_Instructions for the task_: Retype exactly what appears below from the line containing "Oorbellen Magdeline kristalglas-parel-swarovski" down to the line containing "жевател (CAR-49030) Витамин", keeping both end lines. Do not include pictures.

*** Opening Material provided ***

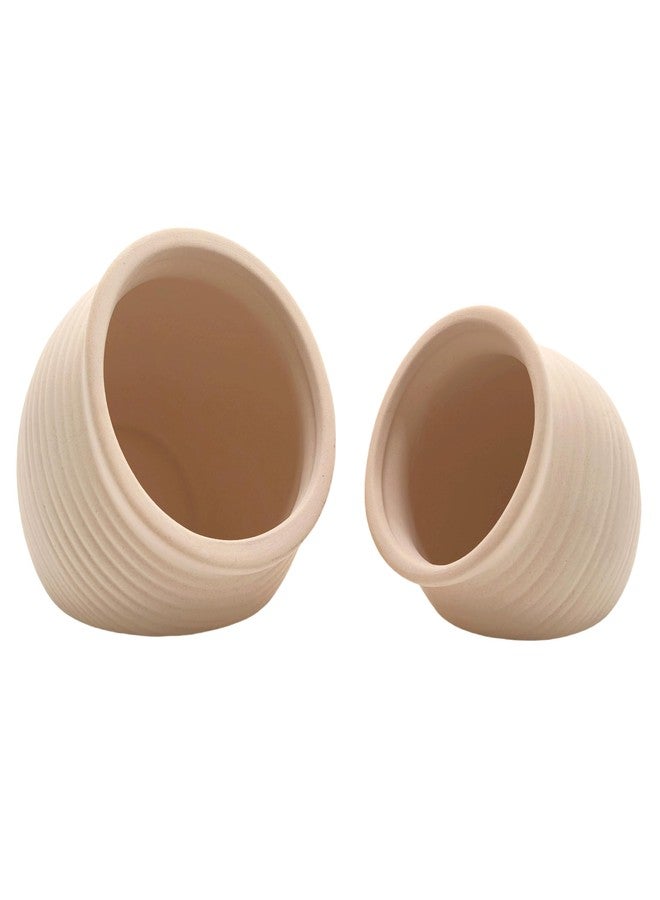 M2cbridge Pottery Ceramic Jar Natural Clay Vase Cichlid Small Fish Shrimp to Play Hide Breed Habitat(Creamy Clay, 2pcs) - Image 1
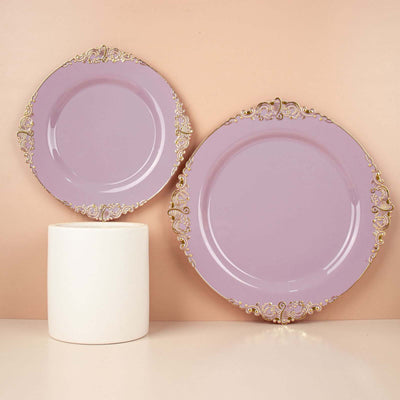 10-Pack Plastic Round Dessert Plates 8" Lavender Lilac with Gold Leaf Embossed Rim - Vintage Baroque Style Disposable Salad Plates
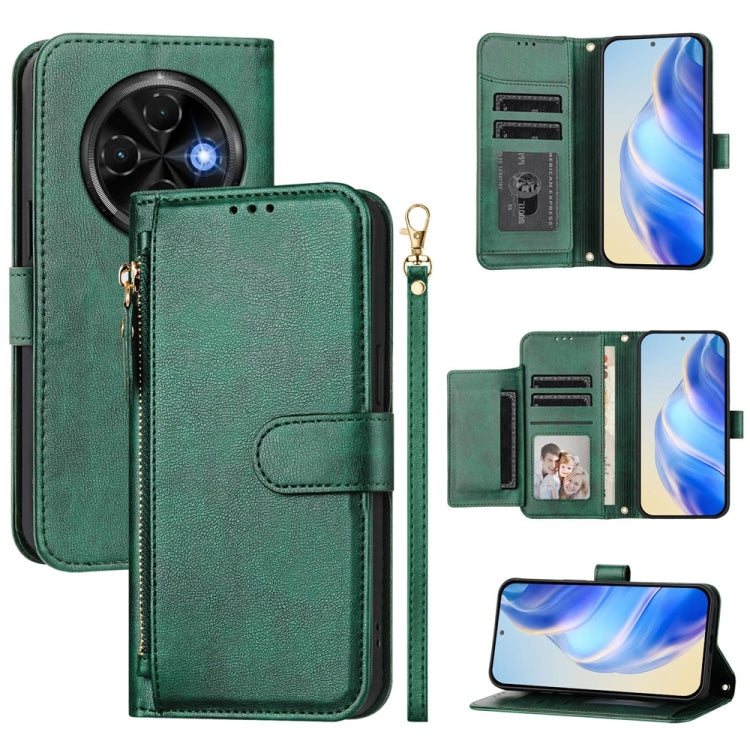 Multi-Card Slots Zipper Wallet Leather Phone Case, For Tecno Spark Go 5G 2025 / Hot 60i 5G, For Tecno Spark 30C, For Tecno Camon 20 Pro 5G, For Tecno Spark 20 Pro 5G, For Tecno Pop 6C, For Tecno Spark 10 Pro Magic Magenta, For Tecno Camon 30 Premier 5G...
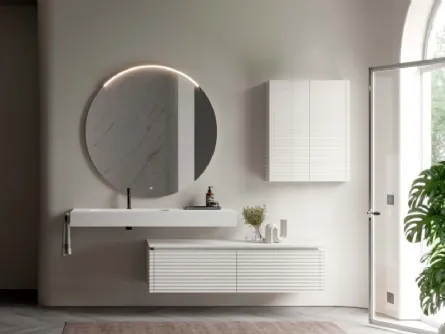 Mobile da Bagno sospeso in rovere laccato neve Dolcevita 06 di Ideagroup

*** Closing Material provided ***
*** Opening Material provided ***

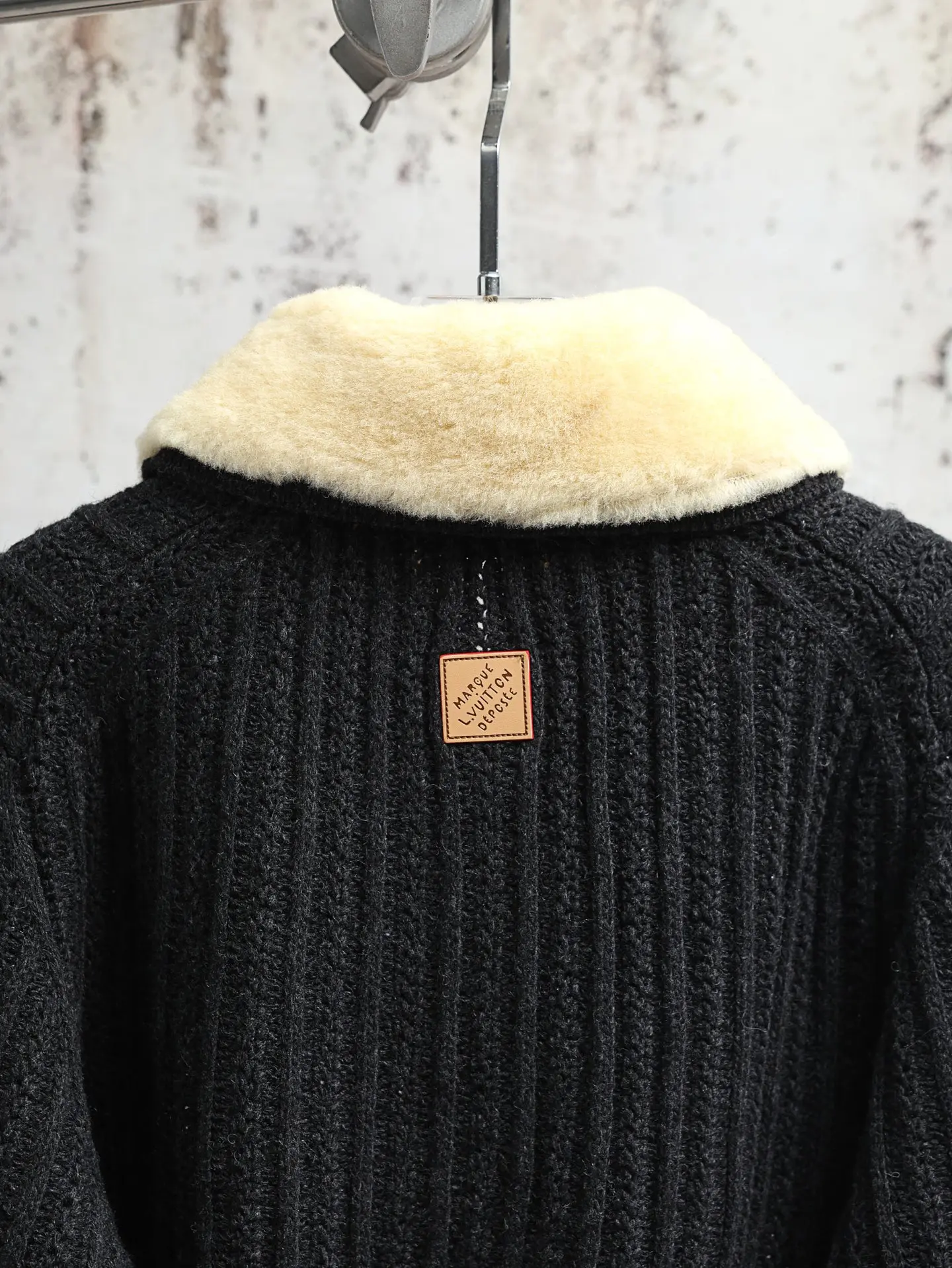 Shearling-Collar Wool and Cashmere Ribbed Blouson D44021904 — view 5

*** Closing Material provided ***
*** Opening Material provided ***

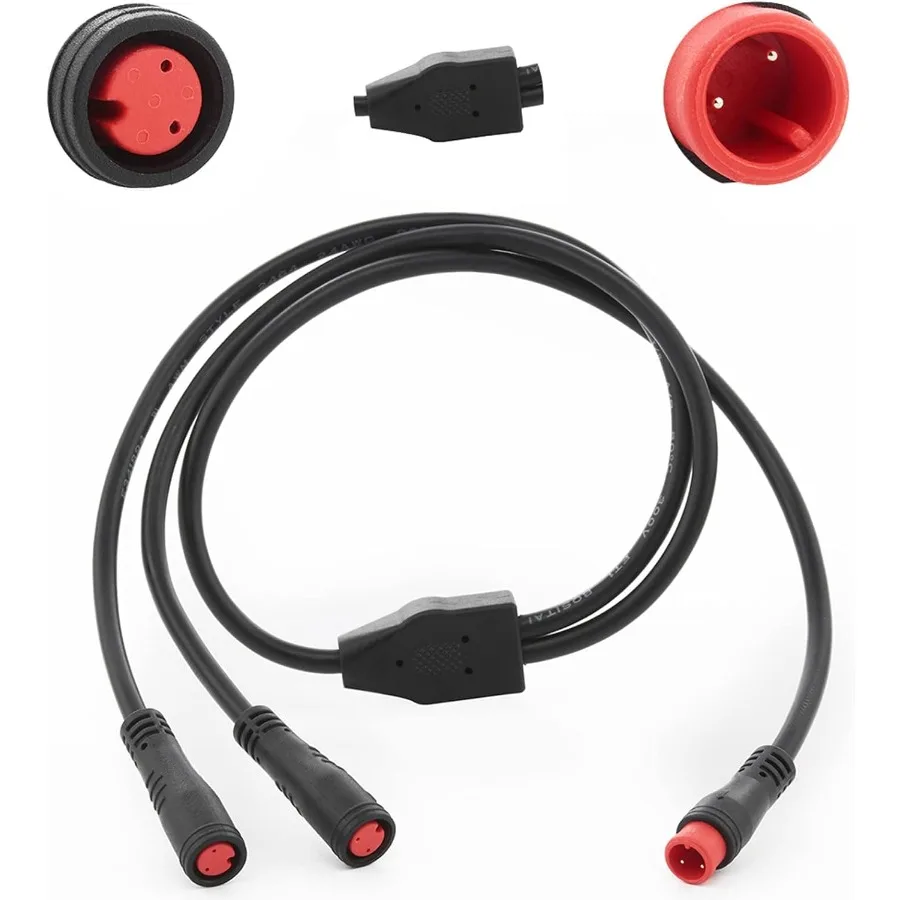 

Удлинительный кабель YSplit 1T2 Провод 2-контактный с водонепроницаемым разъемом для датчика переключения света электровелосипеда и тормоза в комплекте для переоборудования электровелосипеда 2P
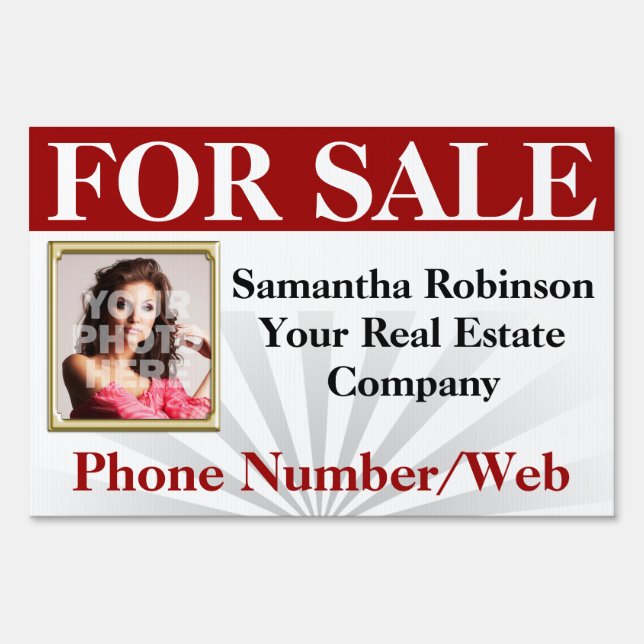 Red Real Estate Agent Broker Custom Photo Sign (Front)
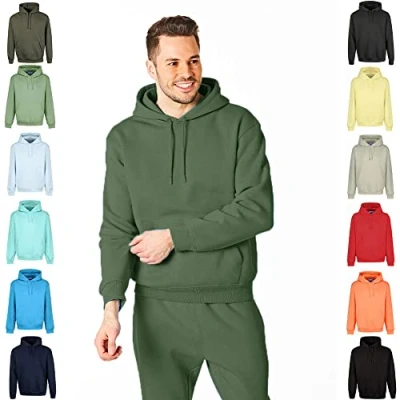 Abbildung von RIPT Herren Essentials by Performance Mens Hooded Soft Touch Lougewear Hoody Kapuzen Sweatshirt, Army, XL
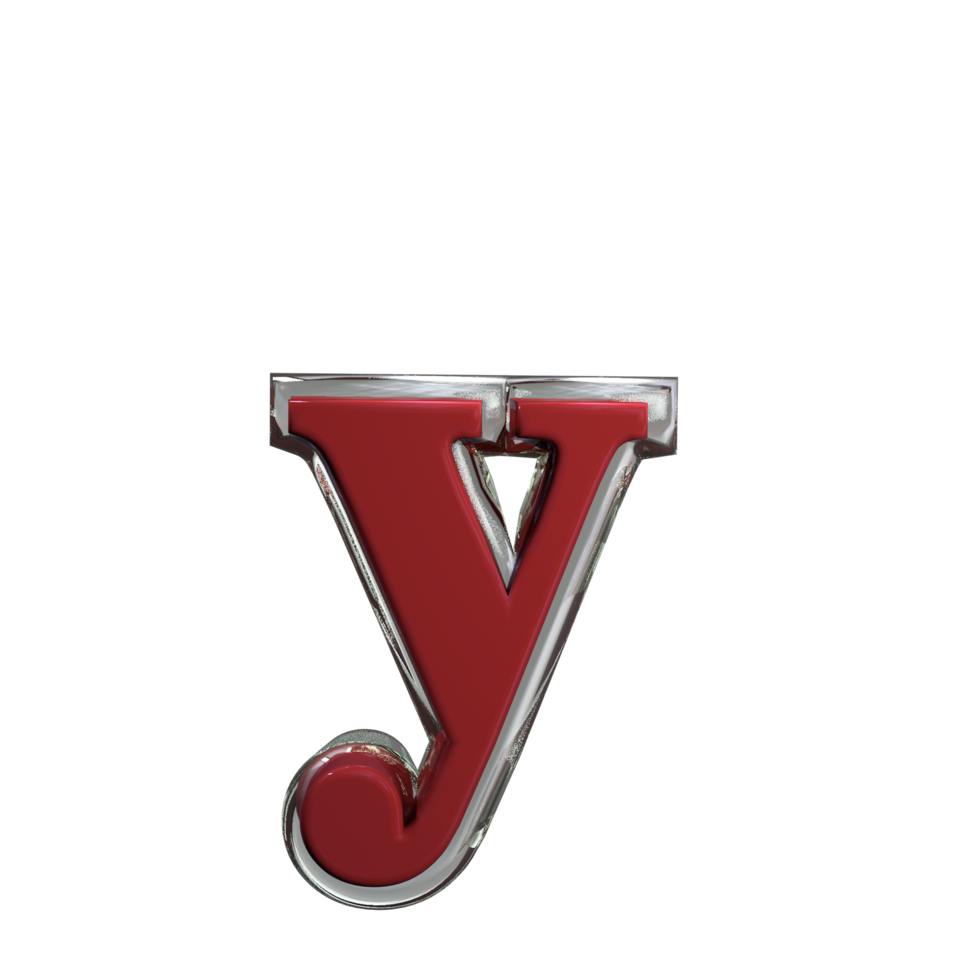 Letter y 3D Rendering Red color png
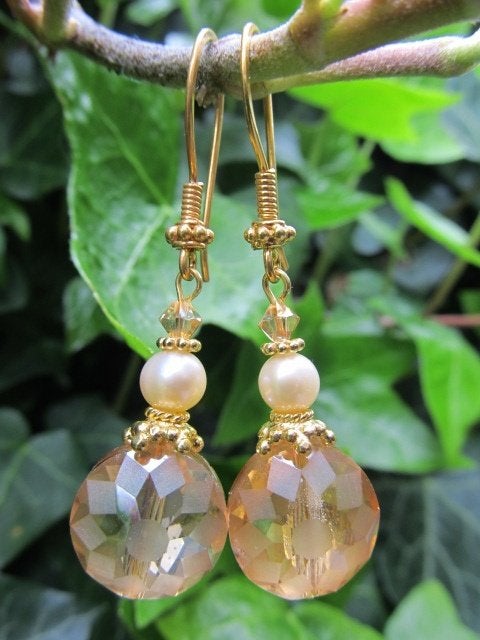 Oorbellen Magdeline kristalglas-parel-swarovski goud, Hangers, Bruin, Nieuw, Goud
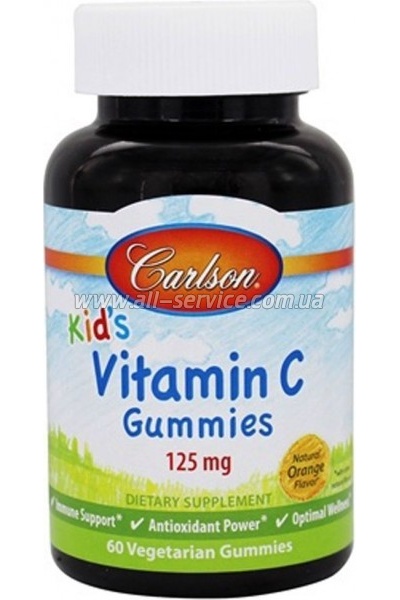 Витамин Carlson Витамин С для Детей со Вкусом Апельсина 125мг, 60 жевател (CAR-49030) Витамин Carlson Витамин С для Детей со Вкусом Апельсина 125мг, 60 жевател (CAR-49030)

*** Closing Material provided ***

_Task answer_:
 Oorbellen Magdeline kristalglas-parel-swarovski goud, Hangers, Bruin, Nieuw, Goud
 Витамин Carlson Витамин С для Детей со Вкусом Апельсина 125мг, 60 жевател (CAR-49030) Витамин Carlson Витамин С для Детей со Вкусом Апельсина 125мг, 60 жевател (CAR-49030)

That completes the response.